$1^0 = 1\to 1 =1$
$x^1=x\to x=x\;\forall x$.
$9^2 = 81\to 8+1=9$
$8^3=512\to 5+1+2=8$.
$7^4=2401\to 2+4+0+1=7$
$46^5 = 205962976\to 2+0+5+9+6+2+9+7+6=46$
$64^6 = 68719476736\to 6+8+7+1+9+4+7+6+7+3+6 = 64$
$68^7= 6722988818432\to 6+7+2+2+9+8+8+8+1+8+4+3+2 = 68$
$54^8 = 72301961339136\to 7+2+3+0+1+9+6+1+3+3+9+1+3+6=54$
$71^9 = 45848500718449031$
$\downarrow$
$4+5+8+4+8+5+0+0+7+1+8+4+4+9+0+3+1 = 71$
Conjecture:
Given a positive integer $b$, there exists a positive integer $a$ such that the digit sum of $a^b$ is equal to $a$.
Can this be proven? I don't know how to prove it; it was about 3:45am in the morning and I couldn't go to sleep, so I just went on my calculator and messed around because I was bored. That's when I noticed this cool property and decided to share it here.
It is now 4:35am so... I gotta go to bed. I'll see you in some hours and hopefully gather the time to work on this. Sorry about that!
Oh, incidentally, I also noticed that the digit sum of $29^5$ is $23$ and the digit sum of $23^5$ is $29$, so... there are cycles here.
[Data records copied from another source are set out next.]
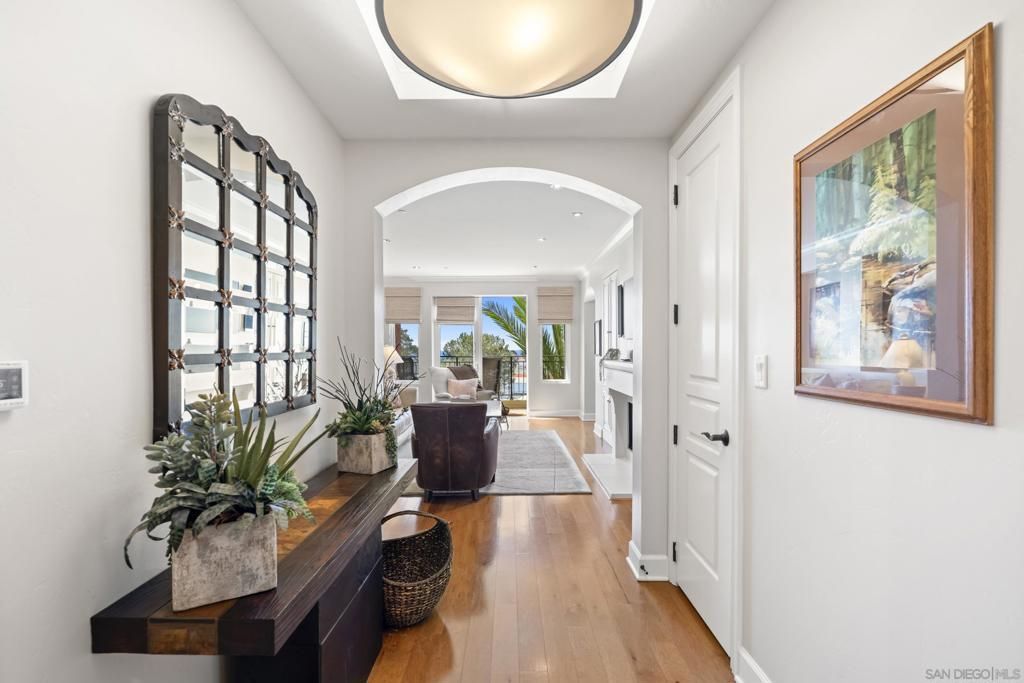 1010 Genter St # 302, La Jolla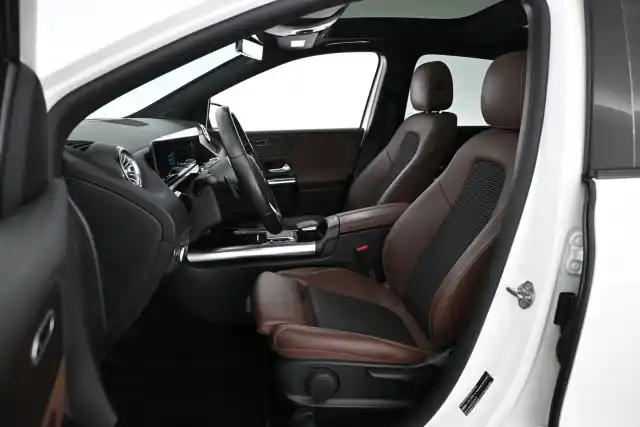 Valkoinen Farmari, Mercedes-Benz B – XTB-774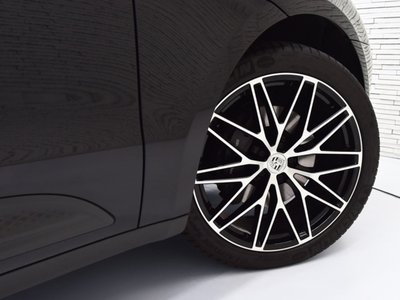 2024 Porsche MACAN — миниатюра 20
Same for $31$ and $34$. Also, the digit sum of $13^2$ is $16$ and the digit sum of $16^2$ is $13$. These cycles seem to only have two numbers involved, but I think regarding the seventh power, there is more than two involved (start with $72^7$ I think), however there is also a cycle between two numbers of seventh powers (between $44$ and $62$). Does this help? I don't know.
I have to go to bed. Good night!
Thank you in advance.
Sorry for having to put this in the answer section (as I don’t have the reputation to add comments yet) but this seems like a really interesting problem. I noticed with b=2, the value you get when you square it and add the digits seems to end up being 9 more frequently than average (the values I got were 1,4,9,7,7,9,13,10,9,1,4,9,16,16, 9 etc). This may be the first step. Alternatively you could plot the values of a and b, so plot (1,1), (2,4), (3,9), (4,7) etc and where these points fall onto the line y=x, you get a solution (for b=2, (9,9)).